Despite what many people want to think, us children freqented Belgium to visit our father. After losing my mother Sandra Price, AKA Aduke Fernandez, it really put life into perspective for me and really made me value every second with loved ones.
The last time I had a friendly conversation with Halima was November 2014. Nothing since then until the call about dad which I wouldn’t even describe as friendly.
Once the children returned home, we all kept in touch as to figure out the next steps. Dads last wishes were to be buried back home in Lagos. This was made clear to Halima amongst many others. Our sisters Teju & Gbemi were planning a fitting burial for a king as per dads request. We were all under the impression & getting passports visas etc ready to fly to Nigeria to bury our dad. After 2 weeks I received a phone call from a close friend of our fathers who informed me that he received a formal invite by mail and phone to dads funeral in Belgium. I immediately called my siblings who were gobsmacked at the plan put in place to bury our father without our participation, permission and most importantly without inviting us. I don’t know how anyone with sound mind can invite all of dads friends to his funeral and not his children…

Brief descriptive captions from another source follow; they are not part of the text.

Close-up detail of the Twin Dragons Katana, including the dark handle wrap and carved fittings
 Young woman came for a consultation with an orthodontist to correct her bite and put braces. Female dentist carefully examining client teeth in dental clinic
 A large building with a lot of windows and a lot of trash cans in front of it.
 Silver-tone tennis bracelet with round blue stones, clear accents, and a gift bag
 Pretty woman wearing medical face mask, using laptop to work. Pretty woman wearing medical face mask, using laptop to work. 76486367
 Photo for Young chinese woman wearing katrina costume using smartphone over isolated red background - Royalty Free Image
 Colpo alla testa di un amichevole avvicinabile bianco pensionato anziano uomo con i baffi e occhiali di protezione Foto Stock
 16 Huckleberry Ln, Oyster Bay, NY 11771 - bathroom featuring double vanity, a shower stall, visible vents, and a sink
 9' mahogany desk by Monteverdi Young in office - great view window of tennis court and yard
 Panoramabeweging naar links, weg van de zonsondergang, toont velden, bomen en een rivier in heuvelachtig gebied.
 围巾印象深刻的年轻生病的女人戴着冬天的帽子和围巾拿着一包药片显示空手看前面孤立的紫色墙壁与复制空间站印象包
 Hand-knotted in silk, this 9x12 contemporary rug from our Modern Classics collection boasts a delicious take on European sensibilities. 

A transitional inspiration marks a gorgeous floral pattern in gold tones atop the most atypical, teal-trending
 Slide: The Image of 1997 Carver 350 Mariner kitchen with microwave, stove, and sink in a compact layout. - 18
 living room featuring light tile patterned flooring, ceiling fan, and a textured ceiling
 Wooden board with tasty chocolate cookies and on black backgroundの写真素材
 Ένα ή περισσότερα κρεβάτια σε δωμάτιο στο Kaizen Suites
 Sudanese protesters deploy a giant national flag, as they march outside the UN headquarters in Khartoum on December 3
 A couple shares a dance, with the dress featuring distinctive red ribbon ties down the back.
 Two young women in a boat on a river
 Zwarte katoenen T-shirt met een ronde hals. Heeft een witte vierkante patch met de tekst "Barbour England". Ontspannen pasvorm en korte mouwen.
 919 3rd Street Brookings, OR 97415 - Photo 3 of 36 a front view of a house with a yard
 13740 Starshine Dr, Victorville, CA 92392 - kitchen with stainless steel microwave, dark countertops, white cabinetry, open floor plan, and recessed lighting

My siblings tried to reason with Halima to no avail evidently because dad indeed was buried in Brussels against his wishes.
Abimbola's birth certificate
Abimbola’s birth certificate
The day of the funeral Halima had arranged for the children to be picked up in a shuttle bus while she rode in a phantom Rolls Royce. Dad owned numerous luxury vehicles such as a Bentley, Rolls and Maybach. He had more than enough cars to fit his children and their friends & family but per Halimas organization we followed in the bus. No one had seen the funeral program until the night before and some of us the day of the service. We scrambled to include readings from us children as many of us were excluded and not even asked to speak at our own fathers funeral.
The service wasn’t fitting for the king our father is and our opinions read on all of our faces. What struck me as unnecessarily evil was towards the end of Halimas eulogy she said something along the lines of “and I know you are up there with the only woman whom you really loved, Barbera Joyce” his late ex wife. In poor taste she decides to purposely take a dig at me by excluding my late mother. She took another as we stood at the gravesite and she asked all children by name except myself and Antoinette if we had anything to say in memory of our loving father. Chosen siblings went the next day to our fathers home to speak to Halima and try and get a sense of the direction things were going in. She gave them a document and told them not to share it with the rest of the family for 40 days. Of course we now know we only had 40 days to submit time sensitive information partaking to our fathers estate. Another trick. No words have been exchanged with her since.
Currently Halima is laying claim to parts of dads affairs, on what grounds, I have no idea. We have yet to see any proof of a legal marriage. She is legally fighting us children and has only recently moved out of dads home after a detailed inventory was taken to prevent theft of his belongings which by Belgian law belong to his children. After said inventory is when she took to twitter to tweet her horrific slander towards us born with American mothers. She has also gone as far as to publicly say on twitter that our father only has 1 legitimate daughter (he has 6), I do not have the right to use the title HIH which as a child of my father I do, referring to my mother as a wh*re who’s ashes need to be buried as well as plenty of other filth.
I believe in preserving our fathers legacy but this woman has already ruined it. She is slandering his children to anyone and everyone that will listen, publicly and privately. People speak of not retaliating with her but enough is enough. I am an orphan and I am protecting my mothers honor as any loving child would. My father was the first to say “Do not take nonsense from anyone” and that, I shall not.
We would like to be left alone to grieve over our father, settle his affairs and take him home to rest.
If you love him you would stop playing dirty and leave his children alone.